Marcos ficou encantado pela morena de olhos amêndoa e curvas exuberantes. Ele, solteirão convicto, poderia até ser sutil, mas não era o seu feitio. Foi logo direto ao pontos fracos de toda mulher, a gentileza e o bom humor: "Você não se preocupe, viu. Eram só uns papeis sem importância. Fique calma. Não vá precisar do meu atendimento logo no primeiro dia de trabalho, não é?", disse soltando seu melhor sorriso.
Claro que Antônia se derreteu toda, feito a manteiga no pão de queijo que acabara de servir. Ela tirara o avental para tentar limpar a mesa e a pasta do doutor, mas ele segurou a sua mão, apressado, não sem antes deslizar os olhos pelas curvas perfeitas daquela mulher. "Muito prazer, Marcos Coimbra".
"O prazer é meu, quer dizer, não que eu tivesse prazer em derramar café nos clientes, o senhor me desculpe...", disse ela de olhos baixos, juntando a louça na bandeja."Não tem de quê!", disse o doutor, levantando-se para ajudar.

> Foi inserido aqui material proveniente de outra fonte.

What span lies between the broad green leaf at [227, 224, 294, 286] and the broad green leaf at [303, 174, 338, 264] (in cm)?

"Antônia!". O turco gritou da portinhola do caixa, com os bigodes a foguear e o cenho mais trancado que o próprio cofre. Ela se afastou, agitada e viu o doutor, como um relâmpago, se postando ao lado do Sr. Kalil, em atitude bastante íntima. Antônia já ia se desculpando com o patrão, mas ele a interrompeu: "Antônia não disse para Kalil que era amiga de Doutor Marcos! Isso muito bom!". Os olhos do doutor enviavam uma mensagem de "por favor, diga que sim".
O desenrolar dessa narrativa qualquer mulher pode escrever, porque uma mulher entende a outra. Porém, o desfecho "...e foram felizes para sempre" no entanto não cabe aqui.
Naquela manhã de agosto, num café da rua Rio de Janeiro, as vidas de Marcos e Antônia se cruzaram como tantas outras se cruzam. Mas haviam se passado 30 anos e ele ainda não conseguira entender onde exatamente havia errado. E é muito provável que homem algum entendesse.
O jornal lhe cobria os olhos toda vez que a jovem garçonete se aproximava. O velho Kalil já não estava atrás da portinhola. Mas alguma coisa lhe dizia que Antônia ainda estava ali, com seus olhos de amêndoa e avental azul.